LLC compliance glossary

Plain-language definitions of the terms that show up across StayOnFile. Each definition is a few sentences. For state-specific specifics, see the relevant state page.

Administrative dissolution

When a state cancels an LLC for failing to file required reports or pay required fees. The entity is no longer in good standing and generally cannot enforce contracts in court until reinstated. Most states allow reinstatement within a window (commonly 1–5 years) after paying back fees.

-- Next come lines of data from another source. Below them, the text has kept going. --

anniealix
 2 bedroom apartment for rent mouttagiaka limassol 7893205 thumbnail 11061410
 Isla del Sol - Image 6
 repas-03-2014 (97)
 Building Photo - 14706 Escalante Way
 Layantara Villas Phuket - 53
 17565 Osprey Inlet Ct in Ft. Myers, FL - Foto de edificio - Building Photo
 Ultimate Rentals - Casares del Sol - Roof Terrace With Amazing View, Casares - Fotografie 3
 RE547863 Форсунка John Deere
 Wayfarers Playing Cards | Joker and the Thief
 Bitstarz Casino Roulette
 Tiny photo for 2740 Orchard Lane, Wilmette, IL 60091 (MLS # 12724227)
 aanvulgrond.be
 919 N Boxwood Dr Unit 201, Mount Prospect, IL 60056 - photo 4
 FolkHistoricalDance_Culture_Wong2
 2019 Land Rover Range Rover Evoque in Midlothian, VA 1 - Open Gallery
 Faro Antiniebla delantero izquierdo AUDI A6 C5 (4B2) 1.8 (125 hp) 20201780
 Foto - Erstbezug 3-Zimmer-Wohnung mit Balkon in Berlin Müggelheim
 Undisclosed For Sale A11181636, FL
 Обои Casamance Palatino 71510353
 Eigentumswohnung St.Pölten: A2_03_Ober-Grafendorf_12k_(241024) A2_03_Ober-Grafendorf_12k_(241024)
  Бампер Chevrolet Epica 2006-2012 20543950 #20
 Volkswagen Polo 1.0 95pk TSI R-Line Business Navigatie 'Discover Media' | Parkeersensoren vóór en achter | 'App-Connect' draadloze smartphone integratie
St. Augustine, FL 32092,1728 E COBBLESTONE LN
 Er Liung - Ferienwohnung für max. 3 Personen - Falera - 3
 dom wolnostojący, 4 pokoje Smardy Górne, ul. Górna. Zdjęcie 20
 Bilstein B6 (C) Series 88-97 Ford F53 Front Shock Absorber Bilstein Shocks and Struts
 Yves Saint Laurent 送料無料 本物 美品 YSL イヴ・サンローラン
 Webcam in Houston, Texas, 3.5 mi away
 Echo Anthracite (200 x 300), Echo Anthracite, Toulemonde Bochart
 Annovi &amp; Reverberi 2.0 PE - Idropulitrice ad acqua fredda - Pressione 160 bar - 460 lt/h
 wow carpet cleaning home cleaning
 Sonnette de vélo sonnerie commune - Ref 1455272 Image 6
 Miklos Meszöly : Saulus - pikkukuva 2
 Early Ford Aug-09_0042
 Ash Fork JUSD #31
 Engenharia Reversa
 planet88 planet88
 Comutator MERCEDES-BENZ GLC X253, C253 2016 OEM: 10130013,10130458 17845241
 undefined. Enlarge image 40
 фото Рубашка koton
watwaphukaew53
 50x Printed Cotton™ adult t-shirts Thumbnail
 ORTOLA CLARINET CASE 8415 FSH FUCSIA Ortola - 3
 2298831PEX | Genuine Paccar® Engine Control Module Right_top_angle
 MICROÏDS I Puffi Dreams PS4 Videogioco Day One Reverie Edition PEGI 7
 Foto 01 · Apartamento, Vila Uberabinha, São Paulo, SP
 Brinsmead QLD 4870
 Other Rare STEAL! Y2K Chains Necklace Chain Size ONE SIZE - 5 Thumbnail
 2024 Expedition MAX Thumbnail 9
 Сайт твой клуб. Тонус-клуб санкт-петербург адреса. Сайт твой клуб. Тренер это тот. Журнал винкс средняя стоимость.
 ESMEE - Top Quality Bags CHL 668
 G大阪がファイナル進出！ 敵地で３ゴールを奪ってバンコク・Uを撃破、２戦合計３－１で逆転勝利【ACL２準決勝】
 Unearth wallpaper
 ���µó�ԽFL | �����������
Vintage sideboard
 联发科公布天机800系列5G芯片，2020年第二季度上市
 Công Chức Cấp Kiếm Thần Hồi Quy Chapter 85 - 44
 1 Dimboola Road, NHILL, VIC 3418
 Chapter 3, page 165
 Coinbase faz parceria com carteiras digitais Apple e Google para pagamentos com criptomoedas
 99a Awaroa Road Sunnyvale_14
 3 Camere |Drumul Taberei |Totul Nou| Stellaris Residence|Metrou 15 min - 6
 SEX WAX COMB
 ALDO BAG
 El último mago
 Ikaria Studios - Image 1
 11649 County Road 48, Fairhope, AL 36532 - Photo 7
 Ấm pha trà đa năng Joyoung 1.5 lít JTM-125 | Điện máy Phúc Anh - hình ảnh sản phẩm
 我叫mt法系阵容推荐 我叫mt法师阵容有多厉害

Anniversary-based deadline

A filing deadline pegged to the LLC's formation date (e.g., "by the end of the anniversary month"). Contrast with a calendar deadline, which is the same date for every entity in the state.

Annual report

A periodic filing — usually annual, sometimes biennial — confirming or updating an LLC's registered agent, address, and member/manager information. Specific names vary: Statement of Information (CA), Periodic Report (CO), Public Information Report (TX). The deadline and fee depend on the state.

Calendar-based deadline

A filing deadline that is the same date every year for every LLC in the state, regardless of when the LLC was formed (e.g., May 15 in Texas).

Certificate of good standing

An official document from the Secretary of State confirming an LLC is up to date on its filings and fees. Required for opening business bank accounts, qualifying to do business in another state, and many financing transactions.

Foreign registration

Registering your LLC to do business in a state other than the one where it was formed. The "foreign" state has its own annual report and fee, separately from your home state.

Franchise tax

A recurring tax on the privilege of being incorporated in a state, paid in addition to (or sometimes in lieu of) income tax. Calculation methods vary widely: flat fee, revenue-based, capital-based, or a margin-style calculation. Not every state has one; among those that do, the rules differ significantly.

Good standing

A status indicating an LLC has filed all required reports and paid all required fees. Lose it and you may be unable to enforce contracts, qualify in other states, or maintain certain licenses. Most states publish a real-time good-standing lookup on the Secretary of State website.

Late fee

A penalty assessed for filing an annual report or paying franchise tax after the deadline. Late fees may be flat (a fixed dollar amount), tiered (escalating with days late), or combined with interest on unpaid taxes.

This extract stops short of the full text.